I was on the board of an LGBTQ+ youth organization when “don’t say gaybill was proposed. I worked with youth and helped with the organization’s programming at various frequently scheduled events. It was a devastating blow the day the law was passed, mostly because I really didn’t understand what it meant as a trans woman performing as a drag queen. The ensuing issues and other laws have continued to cloud and blur the lines to the point where I no longer know what I am allowed to do. I was scheduled for events, especially a book reading event where I was threatened not to attend. I had planned to catch the concert, but the morning of the event I had a total panic attack and couldn’t stop crying or getting out of bed. I felt awful for the organizers because I had left them hanging but I physically and mentally couldn’t bear to leave my bed. I lost several regular concerts, mainly in restaurants. None of them openly said it was because they were scared, but I’m sure they just didn’t want any trouble. All these regular concerts allowed me to earn a living. Feeling unwelcome in Florida, I decided to move but when I lost all my job, I couldn’t afford it anymore, and I had a hard time finding a job in the professional world as a trans woman. So I asked my mother, who is on a fixed income in Florida, if I could stay with her. She’s been amazing, but finding work outside of the entertainment industry and being trans in Florida is impossible. I supported myself as an artist and business owner for at least five years and all of that is now gone. My anxiety and depression almost made me agoraphobic. I water down the helplessness I feel with thoughts of laying low and trying to figure out what my next step in life is, but I really don’t know what to do for work and what kind of life I can live for. expect to live.
I just know staying in Florida is not an option. It’s drastic and dystopian here. I live in fear. As an activist and advocate for LGBTQ+ youth, I had to step back for my mother’s safety and mine. I stopped using Facebook because I received multiple anonymous threats and hate messages. It’s become so toxic and time consuming trying to not only explain that I deserve to exist, live and thrive, but also dispel misconceptions about my life. I am blown away by the amount of misinformation about what it really means to be trans and how hormone replacement therapy (HRT) and hormone blockers affect the body. People eat fast food crap and yet worry about what a drug that has been through dozens of tests is doing. It is above all ignorance, prejudice and pure and simple hatred of “the other”.
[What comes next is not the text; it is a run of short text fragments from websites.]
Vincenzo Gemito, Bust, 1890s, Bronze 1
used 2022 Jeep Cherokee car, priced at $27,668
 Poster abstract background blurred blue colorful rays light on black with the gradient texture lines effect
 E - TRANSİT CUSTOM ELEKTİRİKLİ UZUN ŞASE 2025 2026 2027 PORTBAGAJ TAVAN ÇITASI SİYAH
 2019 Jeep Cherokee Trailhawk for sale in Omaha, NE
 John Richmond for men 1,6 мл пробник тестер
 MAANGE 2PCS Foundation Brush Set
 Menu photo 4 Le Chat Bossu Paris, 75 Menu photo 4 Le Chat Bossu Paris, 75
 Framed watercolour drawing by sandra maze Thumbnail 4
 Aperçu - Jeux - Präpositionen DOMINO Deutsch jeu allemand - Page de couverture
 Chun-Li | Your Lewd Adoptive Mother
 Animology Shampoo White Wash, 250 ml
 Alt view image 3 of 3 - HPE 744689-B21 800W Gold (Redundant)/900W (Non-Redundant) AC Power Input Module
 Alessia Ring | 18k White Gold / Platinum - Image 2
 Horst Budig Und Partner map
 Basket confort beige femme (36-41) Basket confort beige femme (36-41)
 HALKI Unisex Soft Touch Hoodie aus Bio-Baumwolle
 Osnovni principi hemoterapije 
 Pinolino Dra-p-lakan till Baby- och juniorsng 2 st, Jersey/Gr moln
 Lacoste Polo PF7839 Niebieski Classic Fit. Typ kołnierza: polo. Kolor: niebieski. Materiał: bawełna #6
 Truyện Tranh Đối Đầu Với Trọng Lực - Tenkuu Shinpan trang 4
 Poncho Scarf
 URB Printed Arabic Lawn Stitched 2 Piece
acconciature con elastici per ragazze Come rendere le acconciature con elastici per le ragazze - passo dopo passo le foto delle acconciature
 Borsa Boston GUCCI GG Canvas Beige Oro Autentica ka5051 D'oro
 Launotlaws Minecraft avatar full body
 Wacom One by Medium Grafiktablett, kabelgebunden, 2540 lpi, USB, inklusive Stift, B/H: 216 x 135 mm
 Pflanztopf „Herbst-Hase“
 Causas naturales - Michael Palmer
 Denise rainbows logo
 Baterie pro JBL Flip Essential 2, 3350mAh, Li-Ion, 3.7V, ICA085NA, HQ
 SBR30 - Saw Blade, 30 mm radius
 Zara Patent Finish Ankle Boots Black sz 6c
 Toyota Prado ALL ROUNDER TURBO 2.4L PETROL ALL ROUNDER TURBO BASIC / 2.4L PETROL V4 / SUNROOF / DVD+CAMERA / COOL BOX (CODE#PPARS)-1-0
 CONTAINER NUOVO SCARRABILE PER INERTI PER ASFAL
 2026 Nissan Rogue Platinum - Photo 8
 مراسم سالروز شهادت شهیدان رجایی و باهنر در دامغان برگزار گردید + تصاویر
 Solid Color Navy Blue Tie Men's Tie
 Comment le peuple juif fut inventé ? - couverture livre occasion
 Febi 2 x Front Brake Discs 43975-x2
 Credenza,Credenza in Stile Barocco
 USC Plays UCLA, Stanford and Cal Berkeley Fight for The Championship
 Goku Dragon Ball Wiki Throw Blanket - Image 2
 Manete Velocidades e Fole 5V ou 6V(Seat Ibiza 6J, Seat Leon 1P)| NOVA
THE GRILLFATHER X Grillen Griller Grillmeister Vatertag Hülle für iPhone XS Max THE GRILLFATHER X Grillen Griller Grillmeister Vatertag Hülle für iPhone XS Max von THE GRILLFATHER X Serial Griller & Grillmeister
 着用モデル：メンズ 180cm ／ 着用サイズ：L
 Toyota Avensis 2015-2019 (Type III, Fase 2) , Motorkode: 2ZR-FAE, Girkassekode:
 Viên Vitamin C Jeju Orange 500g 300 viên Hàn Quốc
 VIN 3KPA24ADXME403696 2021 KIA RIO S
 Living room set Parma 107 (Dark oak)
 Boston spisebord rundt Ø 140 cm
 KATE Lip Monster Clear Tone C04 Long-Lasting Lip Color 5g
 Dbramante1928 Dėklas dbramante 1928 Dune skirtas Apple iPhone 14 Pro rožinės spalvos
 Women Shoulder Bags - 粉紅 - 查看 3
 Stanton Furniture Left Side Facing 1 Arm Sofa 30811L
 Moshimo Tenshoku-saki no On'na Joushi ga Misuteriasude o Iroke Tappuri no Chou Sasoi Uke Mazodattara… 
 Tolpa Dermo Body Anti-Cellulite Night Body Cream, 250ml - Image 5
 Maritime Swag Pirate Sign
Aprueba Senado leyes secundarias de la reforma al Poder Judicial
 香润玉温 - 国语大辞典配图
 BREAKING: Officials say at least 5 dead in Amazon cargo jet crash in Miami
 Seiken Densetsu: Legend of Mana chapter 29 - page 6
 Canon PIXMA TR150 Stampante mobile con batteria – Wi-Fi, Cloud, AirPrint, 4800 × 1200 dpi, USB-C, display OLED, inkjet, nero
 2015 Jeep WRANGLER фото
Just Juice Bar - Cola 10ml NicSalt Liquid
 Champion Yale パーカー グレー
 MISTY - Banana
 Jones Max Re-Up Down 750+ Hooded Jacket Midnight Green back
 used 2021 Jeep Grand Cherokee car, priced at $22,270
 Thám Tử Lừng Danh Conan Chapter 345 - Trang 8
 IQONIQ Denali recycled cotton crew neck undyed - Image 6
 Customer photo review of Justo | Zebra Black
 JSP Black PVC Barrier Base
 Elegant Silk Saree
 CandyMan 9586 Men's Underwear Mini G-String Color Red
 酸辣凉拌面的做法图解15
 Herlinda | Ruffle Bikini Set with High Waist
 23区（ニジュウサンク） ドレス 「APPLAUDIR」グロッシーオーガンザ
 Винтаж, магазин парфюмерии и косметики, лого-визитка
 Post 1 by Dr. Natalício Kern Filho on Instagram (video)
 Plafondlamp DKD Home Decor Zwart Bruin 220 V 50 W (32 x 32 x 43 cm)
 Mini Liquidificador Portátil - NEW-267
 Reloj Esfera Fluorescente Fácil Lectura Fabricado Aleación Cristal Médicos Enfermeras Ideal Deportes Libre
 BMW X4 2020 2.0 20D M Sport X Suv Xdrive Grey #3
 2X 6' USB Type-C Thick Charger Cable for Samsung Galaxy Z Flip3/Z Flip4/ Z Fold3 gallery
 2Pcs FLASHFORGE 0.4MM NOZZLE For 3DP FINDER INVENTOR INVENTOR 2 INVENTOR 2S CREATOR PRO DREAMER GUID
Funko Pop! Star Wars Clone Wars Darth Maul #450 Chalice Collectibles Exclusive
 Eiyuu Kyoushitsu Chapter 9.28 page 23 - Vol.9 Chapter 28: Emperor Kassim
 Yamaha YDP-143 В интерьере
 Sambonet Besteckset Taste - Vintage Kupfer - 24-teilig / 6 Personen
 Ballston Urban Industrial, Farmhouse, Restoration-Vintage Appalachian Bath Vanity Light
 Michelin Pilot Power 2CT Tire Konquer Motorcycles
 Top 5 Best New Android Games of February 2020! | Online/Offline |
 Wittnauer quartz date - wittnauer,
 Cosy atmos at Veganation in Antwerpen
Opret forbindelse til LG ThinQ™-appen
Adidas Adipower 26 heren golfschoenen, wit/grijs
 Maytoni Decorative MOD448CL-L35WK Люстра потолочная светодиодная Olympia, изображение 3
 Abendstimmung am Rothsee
I want to work and help and fight, but I’m so exhausted and depressed. When your whole existence is on the news every day and subject to legislation, it is extremely uncomfortable to exist in this world. I feel like I’ve let so many people down by my semi-retirement as Beneva, but I’m not sure what to do. The thing I’m most proud of as Beneva has been working with young LGBTQ+ people, because if I had had opportunities and mentorship during my teenage years, it could have saved me some of the major issues I had in twenties with drugs and sex. Thanks to Beneva, I found a love for me that I didn’t have before. I couldn’t imagine it would help heal me. It finally made me want to give this gift to others. Through story hours, flash mobs, family Pride events, LGBTQ+ prom, and my work with a youth group, I have been able to connect and share love and acceptance with hundreds of children who may not feel entitled to be who they are.
I had a conversation with a friend during one of my last mentorships sessions with LGBTQ+ youth. I started crying as I knew this would probably be my last visit. I told him how exhausted I was and that I had been fighting for almost 30 years: starting in college with Act Up, later with Broadway Cares/Equity Fights AIDS, CAN Community Health, Suncoast AIDS Theater Project , and more recently ALSO Youth.
My friend said to me with so much love, “It’s good for you to rest now, we have that. But I can’t help but feel like a failure. I know in my head that these laws and legislations are bad and harmful, but my heart is so broken and my sense of self is shaken. Instead of fighting publicly, I am now fighting internally to allow myself to exist. It’s the biggest battle I’ve ever fought, and some days I feel like I’m losing.